- Interactive map of Forest Lawn Memorial Park

Details
- Established: c. 1921
- Location: 1500 East San Antonio Drive, Long Beach, Los Angeles County, California, U.S.
- Owned by: Forest Lawn Memorial-Parks & Mortuaries
- Website: https://forestlawn.com/parks/long-beach/
- Find a Grave: Forest Lawn Memorial Park

= Forest Lawn Memorial Park (Long Beach) =

Cemetery in Long Beach, California

Forest Lawn-Long Beach is a 38-acre funeral home and memorial garden in Long Beach, California, United States. The gardens were established as Sunnyside Memorial Gardens in 1921 by Cecil E. Bryan, Sr., an entrepreneur whose family operated the facility for three generations. Sunnyside was one of the first major cemeteries in Long Beach. Over the years it served the local area, but fell into disrepair by the 1970s. and was purchased in 1978 by Forest Lawn Memorial-Parks & Mortuaries. They renovated the facility, and renamed it Forest Lawn – Sunnyside in deference to its history—it was later changed to Forest Lawn – Long Beach to match their other properties.

The park was built with Spanish Colonial architecture, and has a number of noticeable features. The prominent Spanish Renaissance-style Cathedral Tower was designed by the Bryan family and the architect Clarence L. Jay, and has been a landmark since its construction in 1924–1925. There are elaborately designed doorways and arches, large Spanish windows in art glass, imported marbles, and tiling. Long Beach resident Frank Julious Fisher created the intricate stencils and woodcarvings tracing the walls of the mausoleum. The marble was done by Lohr Marble Company in Pasadena, and restored by them in 1978. This was the first mausoleum to be equipped with Deagan tower chimes and pipe organ, and the only one with an echo organ in conjunction with its regular pipe organ.

The Memorial Chapel, in adobe and red tile architecture, also reflects early California's Spanish and Mexican lineage.
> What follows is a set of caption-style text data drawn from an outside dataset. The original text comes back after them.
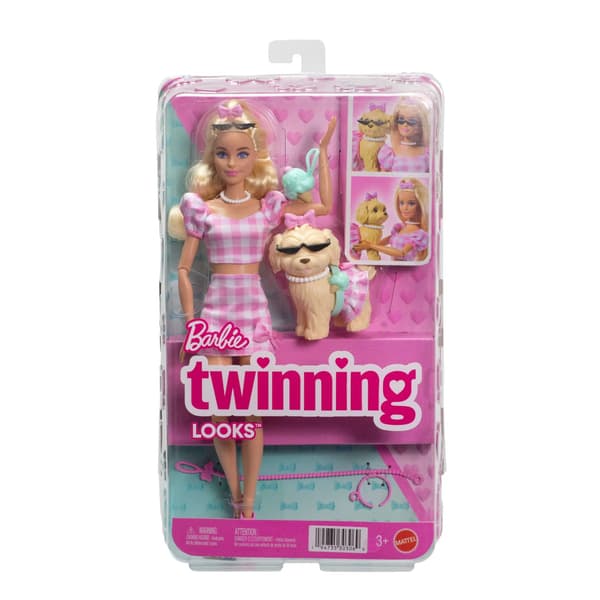 Barbie Twinning Looks Blond multifärg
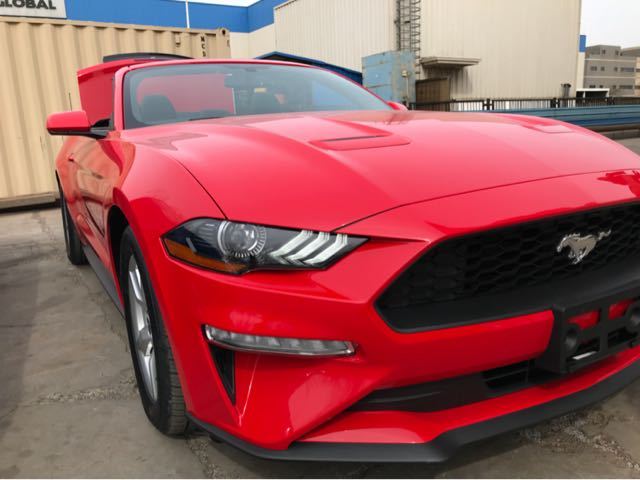 福特野马23t敞篷销量非你莫属火爆低价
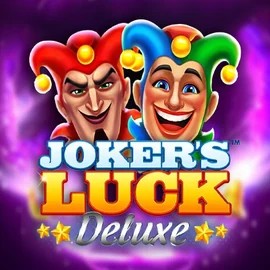 Jokers Luck Deluxe logo – Slots by Skywind Group at Wild Robin Casino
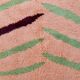 Colourful Berber rug with tiger patterns - 320 x 200 cm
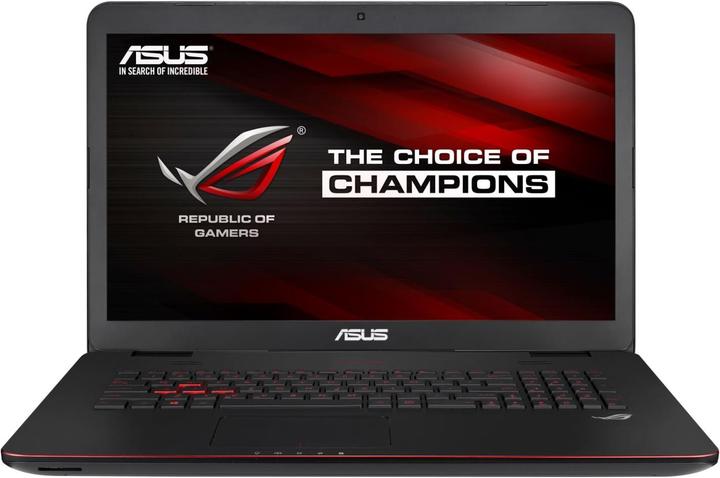 Produktbild ASUS G771jm-T7021h (17.30", Intel Core i7-4710HQ, 16 GB, 256 GB, CH)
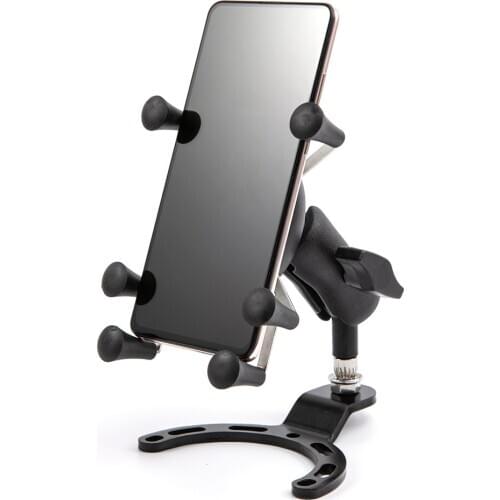 Motorcycle GPS Navigation Bracket Phone Holder for Yamaha YZF R1 R3 R6 R15 FZ6N FJR1300 for SUZUKI GW250 GSXR150 DL250 GSX250R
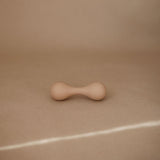 Silicone rattle - Natural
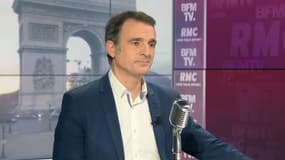 Le maire écologiste de Grenoble, Eric Piolle, le 1er décembre 2020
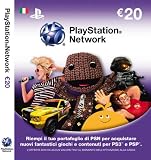 PS3 PSP Cards PSN Sony 20 Euro
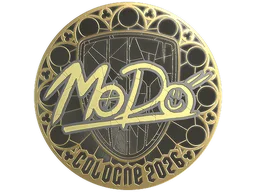 Sticker | MoDo (Gold) | Cologne 2026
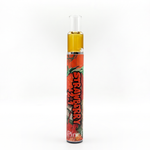 Strawberry 2.1 Live Rosin Disposable 0.5g studio photo on white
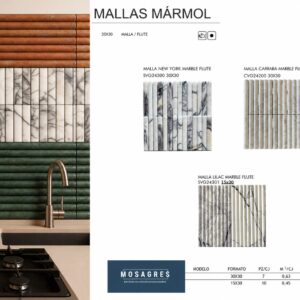 mallas mármol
Created by Benjamin Mako and his team of artists, the stained glass windows display California history from 1769 to 1909. Beyond the stained glass window there is a carved reredos leading toward the mural interpretation of The Ascension of Christ, created by R. Brownell McGrew.

The Rotunda contains the statue of the mythological figure Danae; the statue hall features busts of Constantine the Great, Charlemagne, St. Augustine, Dante Alighieri, Desiderius Erasmus, William Tyndale, John Knox, John Milton, Thomas Jefferson and Ralph Waldo Emerson. There is also a “Paradise” mosaic, a rendition of Raphael's fresco, and a Foucault pendulum, one of eight in Southern California.